When in mid 1961 Coltrane left Atlantic Records and signed for Impulse the first album he made for them was Africa/Brass from which we are treated to two tracks here (also see above Greensleeves) with the first, Africa by far the longest at 16 minutes. For this album he was pursuing a particular sound wanting the band to sound like a drone and to which end he assembled another unusually large band of fourteen including euphonium and tuba plus four French horns and two bassists. With its hypnotic atmosphere of African jungle complete with sounds like howling animals and fantastic experimental drumming from Elvin Jones it was another groundbreaking moment in Coltrane’s discography. Using the same line-up the next track from that same album is Blues Minor a real foot tapping gem.

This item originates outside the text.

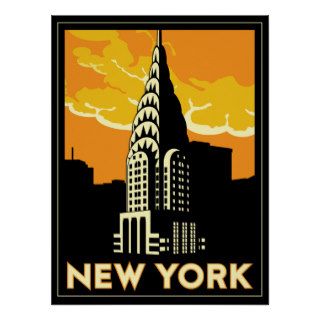new york united states usa vintage retro travel print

Disc 3 opens with one of Coltrane’s now expected on the spot improvisations lasting almost 16 minutes and recorded live at The Village Vanguard and which he explained to Nat Hentoff was as long because he was “...looking into certain sounds, certain scales. The result can be long or short. I never know. It’s always one thing leading into another. It keeps evolving and sometimes it’s longer than I actually thought it was while I was playing it.” That’s a real example of getting lost in his own music. The track even lead long time supporter Ira Gitler to comment that “Coltrane may be searching for new avenues of expression, but if it is going to take this form of yawps, squawks, and countless repetitive runs, then it should be confined to the woodshed”. This at the time untitled piece became Chasin’ The Trane a title that it is suggested in the notes was engineer Rudy Van Gelder’s and caused by his best attempts at trying to keep Coltrane in range as he paced back and forth across the stage. As it is it’s a perfect title for something that exemplifies the feeling of a constant search for his own true essence which I don’t believe he ever thought he found.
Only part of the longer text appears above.